Tutto è cominciato in un seminario di Salesiani a Torino: «Mio padre voleva che diventassi prete, visto che lui non c’era riuscito». La storia è nota, almeno in Francia: incontra don Silvio Mantelli, prete ma soprattutto grande illusionista, con una stanza piena di giochi di prestigio. Il tredicenne Arturo «brufoloso, bruttino, una sega a calcio», nella stanza del prete («eh no, non fate ironia, io in seminario ci sono stato benissimo, e i preti si sono sempre comportati bene») ci passa l’adolescenza. «Mi travestivo perché ero timidissimo, ho cominciato a cambiare d’abito sempre più velocemente, con vestiti confezionati da mia madre. Un giorno don Mantelli mi dice: sei come Fregoli. Non sapevo chi fosse Fregoli, e lui mi regalò un libro. Meraviglia: avevo trovato il mio idolo e la mia strada».
Poi tutto è andato di corsa come i suoi cambi d’abito: a 19 anni vince un concorso a Saint Vincent, a 22 lo prendono a Parigi, al famoso Paradis Latin, storica sala di music hall. «Non mi hanno preso perché ero il più grande trasformista del mondo. Mi hanno preso perché ero l’unico. Dal 1922, quando Fregoli aveva smesso di lavorare, non c’era stato più nessuno. Io nemmeno lo sapevo». Parla, e di nuovo ti chiedi se non c’è il trucco, se è tutto falso, se è davvero lui: «Ma sì, sono io, sono io. Per fare questo lavoro però devi essere un po’ perverso, ci vuole una dose di schizofrenia e l’adrenalina a mille. Ma soprattutto, devi saper illudere, mentire. Ho lavorato con Ugo Tognazzi. A teatro, mentre Tognazzi “moriva” tra le mie braccia e in sala il pubblico piangeva, lui mi sussurrava: “Ma dobbiamo andare proprio a mangiare alla stessa pizzeria di ieri sera?” Questo lavoro è un gioco, fantastico nel suo delirio».
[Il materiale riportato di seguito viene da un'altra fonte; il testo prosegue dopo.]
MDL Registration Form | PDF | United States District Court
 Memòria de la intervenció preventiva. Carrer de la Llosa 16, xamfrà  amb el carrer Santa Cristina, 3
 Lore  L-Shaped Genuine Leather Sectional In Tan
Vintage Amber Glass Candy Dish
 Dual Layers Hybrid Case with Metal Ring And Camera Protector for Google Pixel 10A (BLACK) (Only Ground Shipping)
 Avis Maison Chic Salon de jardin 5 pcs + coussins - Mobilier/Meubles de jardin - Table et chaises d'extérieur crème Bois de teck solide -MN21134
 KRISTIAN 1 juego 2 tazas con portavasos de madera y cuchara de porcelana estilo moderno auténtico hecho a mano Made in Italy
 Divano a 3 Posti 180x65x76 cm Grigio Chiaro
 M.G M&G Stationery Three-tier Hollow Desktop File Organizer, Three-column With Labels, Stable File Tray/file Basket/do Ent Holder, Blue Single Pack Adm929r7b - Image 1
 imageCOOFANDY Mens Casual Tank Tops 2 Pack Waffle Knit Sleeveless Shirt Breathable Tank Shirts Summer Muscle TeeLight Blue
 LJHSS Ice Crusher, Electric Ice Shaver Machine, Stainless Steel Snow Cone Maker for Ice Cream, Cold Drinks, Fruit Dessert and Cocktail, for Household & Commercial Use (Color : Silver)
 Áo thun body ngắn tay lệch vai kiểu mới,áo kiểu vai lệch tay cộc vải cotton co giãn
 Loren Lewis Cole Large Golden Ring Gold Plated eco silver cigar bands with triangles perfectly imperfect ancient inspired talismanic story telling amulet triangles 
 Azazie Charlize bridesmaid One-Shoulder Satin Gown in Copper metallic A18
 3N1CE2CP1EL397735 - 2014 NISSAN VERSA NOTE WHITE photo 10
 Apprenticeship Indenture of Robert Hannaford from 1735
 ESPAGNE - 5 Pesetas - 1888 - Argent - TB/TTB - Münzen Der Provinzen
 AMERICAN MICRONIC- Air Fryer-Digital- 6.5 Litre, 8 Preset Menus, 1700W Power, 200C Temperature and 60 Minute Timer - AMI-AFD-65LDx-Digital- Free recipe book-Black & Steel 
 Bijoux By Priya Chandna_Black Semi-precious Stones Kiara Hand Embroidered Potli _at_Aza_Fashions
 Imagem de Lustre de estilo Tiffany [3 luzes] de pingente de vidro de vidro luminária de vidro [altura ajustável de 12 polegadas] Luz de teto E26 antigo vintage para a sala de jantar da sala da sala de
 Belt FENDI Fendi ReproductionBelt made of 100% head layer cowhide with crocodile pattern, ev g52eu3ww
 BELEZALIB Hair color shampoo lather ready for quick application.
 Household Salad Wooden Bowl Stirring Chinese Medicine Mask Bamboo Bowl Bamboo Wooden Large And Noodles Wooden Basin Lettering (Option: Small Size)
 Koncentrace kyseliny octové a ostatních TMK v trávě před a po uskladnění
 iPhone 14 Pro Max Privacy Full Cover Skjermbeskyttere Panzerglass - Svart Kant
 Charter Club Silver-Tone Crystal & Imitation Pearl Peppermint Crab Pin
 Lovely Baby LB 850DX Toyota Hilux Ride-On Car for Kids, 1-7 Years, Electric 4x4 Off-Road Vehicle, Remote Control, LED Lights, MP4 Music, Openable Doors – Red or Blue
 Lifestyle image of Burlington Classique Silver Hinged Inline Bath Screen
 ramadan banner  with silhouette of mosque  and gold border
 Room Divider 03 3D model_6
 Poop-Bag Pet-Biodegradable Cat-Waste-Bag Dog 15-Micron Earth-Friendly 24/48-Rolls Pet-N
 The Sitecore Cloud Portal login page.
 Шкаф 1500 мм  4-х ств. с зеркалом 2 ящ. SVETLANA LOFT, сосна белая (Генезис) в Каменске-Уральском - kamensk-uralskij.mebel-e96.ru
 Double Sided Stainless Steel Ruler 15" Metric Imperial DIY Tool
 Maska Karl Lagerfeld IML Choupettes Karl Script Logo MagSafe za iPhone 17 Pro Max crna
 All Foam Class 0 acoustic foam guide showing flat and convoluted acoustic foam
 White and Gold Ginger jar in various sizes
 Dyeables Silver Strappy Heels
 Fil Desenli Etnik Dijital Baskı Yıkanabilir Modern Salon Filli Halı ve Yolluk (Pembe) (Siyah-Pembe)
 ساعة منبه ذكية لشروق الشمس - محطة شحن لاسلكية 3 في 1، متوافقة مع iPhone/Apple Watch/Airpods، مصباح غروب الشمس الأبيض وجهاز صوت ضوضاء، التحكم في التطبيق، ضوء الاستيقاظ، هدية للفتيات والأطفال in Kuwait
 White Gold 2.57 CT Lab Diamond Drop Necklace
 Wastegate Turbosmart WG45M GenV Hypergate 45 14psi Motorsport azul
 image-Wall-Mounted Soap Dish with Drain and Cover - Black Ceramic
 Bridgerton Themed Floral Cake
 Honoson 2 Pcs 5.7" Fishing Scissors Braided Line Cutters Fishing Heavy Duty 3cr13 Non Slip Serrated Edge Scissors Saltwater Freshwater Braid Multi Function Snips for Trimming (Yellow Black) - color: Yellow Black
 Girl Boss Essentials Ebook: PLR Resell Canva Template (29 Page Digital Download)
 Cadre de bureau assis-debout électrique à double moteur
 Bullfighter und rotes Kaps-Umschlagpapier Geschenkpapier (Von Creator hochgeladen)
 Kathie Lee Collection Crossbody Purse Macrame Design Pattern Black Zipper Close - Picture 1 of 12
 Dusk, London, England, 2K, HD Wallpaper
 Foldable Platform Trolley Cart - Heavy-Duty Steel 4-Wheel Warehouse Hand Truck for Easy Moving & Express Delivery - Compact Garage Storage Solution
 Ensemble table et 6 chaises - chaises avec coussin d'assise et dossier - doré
In Italia, Arturo non si sente incompreso, ma a Parigi lo hanno capito subito, perché «è la patria del cabaret, del varietà, del café chantant». Ha una casa nel centro di Torino che gli somiglia: passaggi segreti, librerie che girano, porte nascoste. «Sono fatto così. A pagare le tasse ci pensa mio fratello, lui invecchia al posto mio». Per passare da una bionda in tailleur a un cinese in tre secondi netti, si allena ogni giorno.
STA PREPARANDO UNA TOURNÉE IN ITALIA
Fa una vita da asceta («la carbonara la mangio una volta all’anno. Se mi viene voglia m’illudo di gustarla; d’altra parte non viviamo d’illusioni?»), fa ginnastica («ogni notte, verso le due, quando torno a casa»), e quando prepara nuovi travestimenti prova fino a 15 ore al giorno: «Se ho le chiavi del teatro, torno anche di notte. I miei colleghi ventenni non mi stanno dietro, sono stanchi, hanno male alla schiena».
A Parigi Brachetti porta in scena con lui un gruppo di maghi e loro devono far passare l’esame a un apprendista, il giovane Luca Bono, promettente allievo di Arturo e già vincitore di numerosi premi.
Un’ora e mezzo per 23 numeri tra illusionismo, comicità, giochi di prestigio con carte e laser. Brachetti, intanto, sta preparando anche una tournée in Italia, con un giro di prova a Bologna, Napoli e Bari.
Se il maestro dell’illusionismo è Fregoli, Brachetti a Harry Potter preferisce il fonatissimo Silvan: «Un‘icona, un mito vivente», dice di lui. Il suo sogno ora è conquistare New York prima che arrivi un americano che «copi, male, quello che faccio io». Nel suo cuore c’è l’Italia, «un Paese che continua a specchiarsi nelle sue pietre romane», riflette. E ride quando gli si fa notare che i nostri politici sono capaci di cambiare d’abito più velocemente di lui a teatro. A Brachetti cosa ha insegnato la magia? «Che per andare da A a B non esiste solo la linea retta, c’è sempre un’altra strada, magari contorta. È un trucco da tener presente: credetemi, può aiutare a vivere meglio».